Shallow paging — :offset + :limit
Use for paged UI scrolling (page-1, page-2, page-3). Available on
Milvex.search/4, Milvex.hybrid_search/5, and Milvex.query/4. Bounded by
the Milvus server-side hard cap: offset + limit <= 16384 per request.
{:ok, page} =
Milvex.search(conn, "movies", [embedding],
vector_field: "embedding",
top_k: 20,
offset: 40
)
{:ok, page} =
Milvex.query(conn, "movies", "year > 2000",
output_fields: ["id", "title"],
limit: 50,
offset: 100
)Going over the cap returns {:error, %Milvex.Errors.Invalid{}} with a clear
message — milvex enforces this client-side, before any RPC round-trip.
Deep streaming — search_stream/4, query_stream/4
Use for full-collection scans, batch processing, ML pipelines. Backed by
Milvus's server-side iterator (no offset, no cap, MVCC-pinned snapshot via
session_ts).
Milvex.search_stream(conn, "movies", embedding,
vector_field: "embedding",
filter: "year > 2000",
batch_size: 1_000
)
|> Stream.take(10_000)
|> Enum.to_list()
Milvex.query_stream(conn, "movies", "year > 2000",
output_fields: ["id", "title", "year"],
batch_size: 1_000
)
|> Stream.filter(&(&1["year"] > 2010))
|> Enum.count()Constraints
Iterator mode supports a single vector only. Multi-vector or named-query
input raises Milvex.Errors.Invalid. Use search/4 with :offset/:top_k
for those cases.
Requires Milvus >= 2.4. Older servers raise on the first batch with a clear upgrade hint.
Errors
Errors raise from inside the stream — same convention as File.stream!/1,
IO.stream/2, and Postgrex cursors.
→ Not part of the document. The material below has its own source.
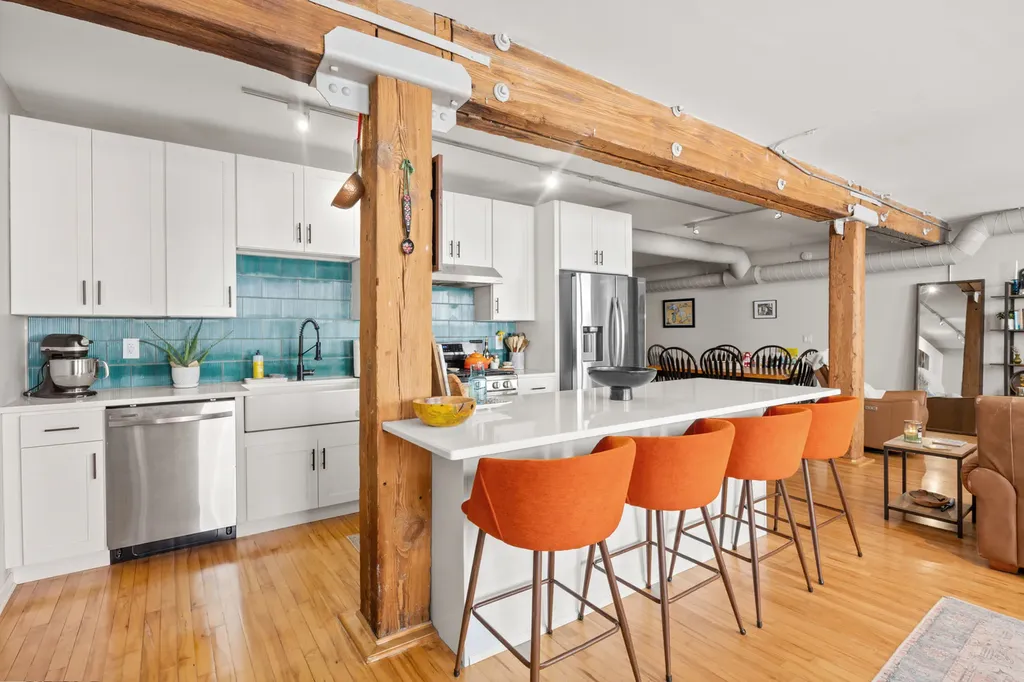515 North Noble Street Chicago IL 60642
Wrap Enum.to_list/1 or
Stream.run/1 in a try if you want to recover.
Multiple passes over the same data
Stream.cycle/1, Stream.zip/2, or running the same stream value twice
through Enum.to_list/1 issues independent RPC sequences with different
session_ts pins — and roughly doubles the network traffic. If you need
multiple passes over a single MVCC snapshot, materialize once with
Enum.to_list/1 and then re-iterate the resulting list.
rows =
Milvex.query_stream(conn, "movies", "year > 2000", batch_size: 1_000)
|> Enum.to_list()
by_year = Enum.group_by(rows, & &1["year"])
titles = Enum.map(rows, & &1["title"])Why no hybrid_search_stream
Milvus's server-side iterator does not support sub-requests with reranking.
There is no hybrid_search_stream/5 and no plan to add one. For deep
pagination on hybrid search, narrow the query with stricter filters or batch
the rerank yourself by combining results from multiple search_stream/4
runs.